Mitchell Johnson, Chief Product Development Officer at Sonatype, commented, “An elegantly simple solution to a complex problem, the Sonatype Repository Firewall empowers technology teams to move fast with the confidence that they are protected from malware masquerading as valid open source software.
“With cyberattacks increasing in frequency and sophistication – and software development regulations becoming increasingly standardized – organizations are looking for fast ways to protect themselves. Sonatype Repository Firewall is a first line of defense that is easy to set up, maintain, and integrate into workflows. Simply put, if you have a repository manager, you need a Repository Firewall.”
Trend Micro
A team from Trend Micro published an overview of the Trigona ransomware, its different versions and evolution, including a Linux version discovered in May 2023.
The blog looks at the group behind and the countries where they are most active; the USA (28%) and India (25%) are the two highest in some way. The overview looks at how both the Linux and Windows version work and how it is monetised. The authors give three recommendations for security teams.

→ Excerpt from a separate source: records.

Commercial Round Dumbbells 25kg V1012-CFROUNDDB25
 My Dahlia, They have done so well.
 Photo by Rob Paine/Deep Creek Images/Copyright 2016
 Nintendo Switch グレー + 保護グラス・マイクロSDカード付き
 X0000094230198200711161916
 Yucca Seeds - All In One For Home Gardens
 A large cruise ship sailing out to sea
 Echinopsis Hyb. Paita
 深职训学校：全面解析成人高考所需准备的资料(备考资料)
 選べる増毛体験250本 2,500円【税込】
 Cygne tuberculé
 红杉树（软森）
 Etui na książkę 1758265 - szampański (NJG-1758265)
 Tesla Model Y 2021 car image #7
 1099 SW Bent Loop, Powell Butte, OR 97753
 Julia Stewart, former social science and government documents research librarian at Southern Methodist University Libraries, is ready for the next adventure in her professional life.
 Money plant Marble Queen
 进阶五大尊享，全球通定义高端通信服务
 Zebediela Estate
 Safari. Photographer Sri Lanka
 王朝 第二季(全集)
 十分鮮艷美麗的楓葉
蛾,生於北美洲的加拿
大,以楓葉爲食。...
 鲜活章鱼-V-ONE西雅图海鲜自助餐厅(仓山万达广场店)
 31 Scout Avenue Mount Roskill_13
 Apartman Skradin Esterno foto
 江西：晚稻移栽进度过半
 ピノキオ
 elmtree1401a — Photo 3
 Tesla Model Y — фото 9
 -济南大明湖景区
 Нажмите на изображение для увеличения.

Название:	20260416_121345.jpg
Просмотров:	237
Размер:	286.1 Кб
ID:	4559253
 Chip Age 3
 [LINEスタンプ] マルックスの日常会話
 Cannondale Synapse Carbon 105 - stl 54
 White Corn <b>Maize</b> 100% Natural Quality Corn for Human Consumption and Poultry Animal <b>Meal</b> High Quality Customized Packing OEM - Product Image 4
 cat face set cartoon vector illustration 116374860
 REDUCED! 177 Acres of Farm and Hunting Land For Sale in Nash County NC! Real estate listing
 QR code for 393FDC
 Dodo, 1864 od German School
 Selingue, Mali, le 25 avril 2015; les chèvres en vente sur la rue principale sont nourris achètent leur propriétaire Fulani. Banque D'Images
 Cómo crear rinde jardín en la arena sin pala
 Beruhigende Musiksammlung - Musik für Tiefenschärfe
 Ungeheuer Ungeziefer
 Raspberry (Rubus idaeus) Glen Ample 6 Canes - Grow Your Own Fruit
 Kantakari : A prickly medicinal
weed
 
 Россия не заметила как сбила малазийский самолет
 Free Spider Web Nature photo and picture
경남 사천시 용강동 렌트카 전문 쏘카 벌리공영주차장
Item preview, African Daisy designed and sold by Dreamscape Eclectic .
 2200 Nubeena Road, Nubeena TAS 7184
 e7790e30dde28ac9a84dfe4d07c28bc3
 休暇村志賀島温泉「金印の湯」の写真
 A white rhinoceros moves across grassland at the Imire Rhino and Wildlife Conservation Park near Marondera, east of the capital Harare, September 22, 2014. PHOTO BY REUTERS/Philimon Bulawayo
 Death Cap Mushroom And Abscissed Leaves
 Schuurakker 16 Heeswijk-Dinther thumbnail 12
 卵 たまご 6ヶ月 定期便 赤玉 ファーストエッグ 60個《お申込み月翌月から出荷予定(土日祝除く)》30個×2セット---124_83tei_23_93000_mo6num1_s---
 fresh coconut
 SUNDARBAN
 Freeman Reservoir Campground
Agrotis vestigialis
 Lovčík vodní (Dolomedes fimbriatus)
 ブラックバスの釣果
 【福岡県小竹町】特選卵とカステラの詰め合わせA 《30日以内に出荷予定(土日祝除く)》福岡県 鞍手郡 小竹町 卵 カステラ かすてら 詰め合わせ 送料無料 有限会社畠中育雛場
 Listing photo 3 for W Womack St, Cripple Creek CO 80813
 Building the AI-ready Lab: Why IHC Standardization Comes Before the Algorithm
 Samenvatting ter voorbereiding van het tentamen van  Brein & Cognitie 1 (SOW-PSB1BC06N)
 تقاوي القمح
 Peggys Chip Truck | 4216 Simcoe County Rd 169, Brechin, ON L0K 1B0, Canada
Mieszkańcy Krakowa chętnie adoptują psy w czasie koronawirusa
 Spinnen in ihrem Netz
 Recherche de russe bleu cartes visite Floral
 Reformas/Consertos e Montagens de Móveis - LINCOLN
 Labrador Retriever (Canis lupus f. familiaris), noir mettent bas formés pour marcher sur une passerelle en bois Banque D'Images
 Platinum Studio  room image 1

- Enable multifactor authentication (MFA) to hinder attackers from moving laterally within a network and accessing sensitive information.
- Follow the 3-2-1 rule when creating backups for important files. This involves generating three backup copies stored in two different file formats, with one copy stored in a separate location. This ensures redundancy and minimizes the risk of data loss.
- Update and patch systems regularly. It is important to keep applications and operating systems up to date and establish robust patch management protocols to prevent malicious actors from exploiting software vulnerabilities.